None of them are easy ways to get views and feedback. But they are still almost all easier ways to get readers, provided your content aligns to their site's focus. They've been discussed to death so at the risk of bringing it up again I'll not name the questing varieties or webnovel garbage bins, to instead tackle this from a personal angle.
It's going to sound bullshit, but I believe it; writing on /qst/ is choosing Dante Must Die with a broken square button. If your goal is the gratification of having many readers or lasting writing sanity. Sanity in writing work ethic itself having a rather debatable existence for many writers aside. I've tried a variety of platforms, and bare minimally semi-competently written trash is not the norm.

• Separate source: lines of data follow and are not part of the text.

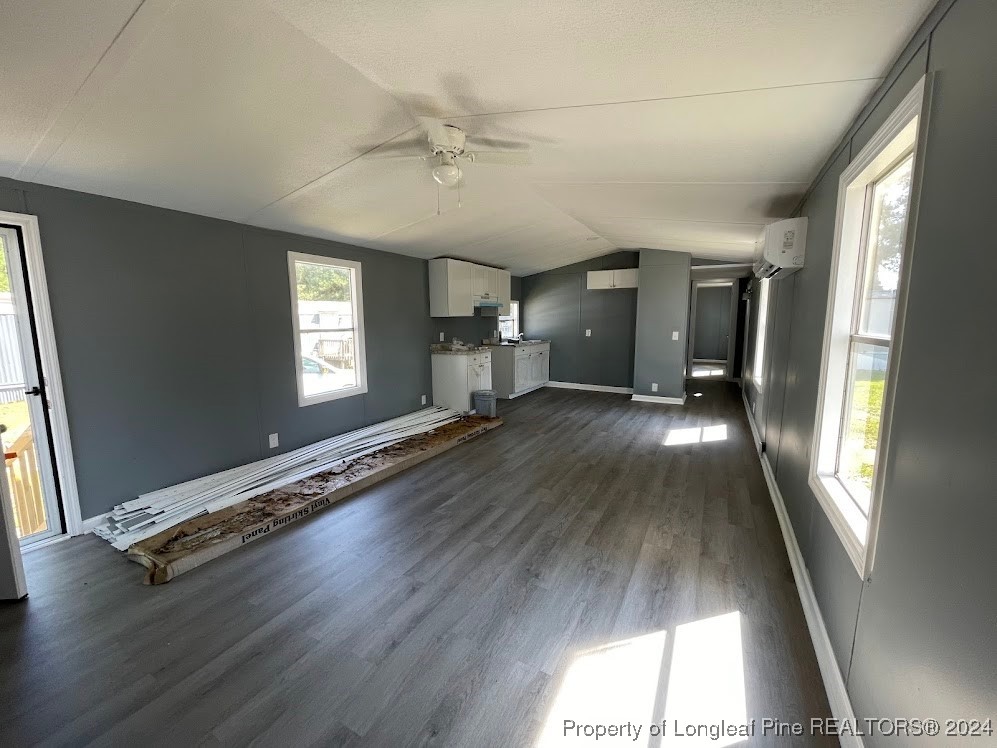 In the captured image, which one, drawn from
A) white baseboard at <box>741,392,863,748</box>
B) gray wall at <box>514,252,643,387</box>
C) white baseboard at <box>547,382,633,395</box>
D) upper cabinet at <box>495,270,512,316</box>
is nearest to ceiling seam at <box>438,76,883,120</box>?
white baseboard at <box>741,392,863,748</box>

By that I mean sufficient grammar, once or twice editorial passes, functioning sentence structure, that's uncommon. Maybe 20% of internet fiction in english is legible english. Obviously, I'm using legible more loosely than the history of regional + legal definitions for a roman slave.
People are just terrible writers. More so if all they've done is contained in an environment where they haven't usefully applied feedback for multiple years. What am I getting at? DMing and serials are different skills, but not so different in their demands, with shared sub-skills, audiences, and influences. What people want is largely garbage. You can provide that anywhere. What creators like our resident bloodbat want is for other people to add meaning to their own creations and see it develop, in whichever flavors have caught their monthly phantasy rhythm or resurfaced via dialogue with others.
Most free writing is editor free work, and no author is their own best editor. Some successful writers ignore their editors and include detailed sequences of river water and dysentery betwixt smut material that's written like it was idly ripped from Corruption of Champions. D/GMing at least has you collaborating with other people with the productive aim of having fun, with each other, and that adds important social filters which can make things easier, if not better.